• _Your instructions_:
The reply should consist solely of the lines from the one that holds "La Grotta 3*" through the last line of the material, reproduced exactly; no pictures belong in it.

• _Data provided_:
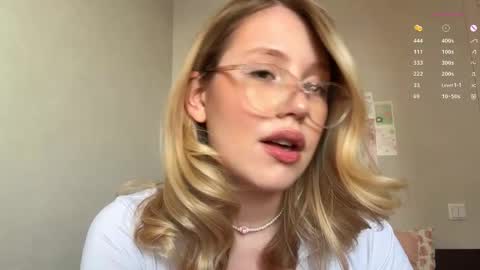 Snapshot of horney_audrey chatting on February 5, 2025, 4:06 am Audrey online show from February 5, 2025, 4:06 am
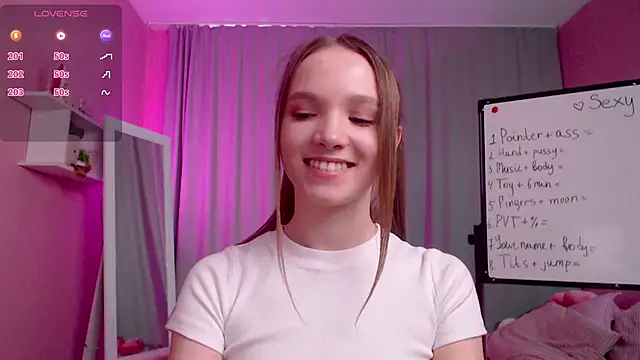 Snapshot of Adria_Arjona chatting on March 31, 2026, 7:43 am Adria Arjona online show from March 31, 2026, 7:43 am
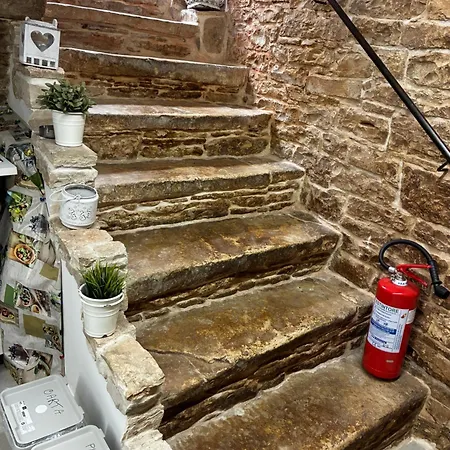 La Grotta 3*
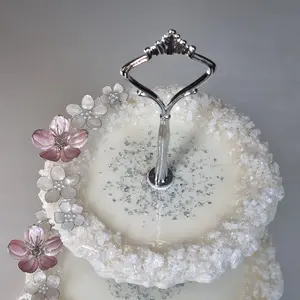 Molde de resina epoxi Soporte de pastel de resina hecho a mano sostenible para compradores eco-conscientes para eventos elegantes en la costa baja por TAQI CRAFTS - Product Image 2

• _Result of the task_:
 La Grotta 3*
 Molde de resina epoxi Soporte de pastel de resina hecho a mano sostenible para compradores eco-conscientes para eventos elegantes en la costa baja por TAQI CRAFTS - Product Image 2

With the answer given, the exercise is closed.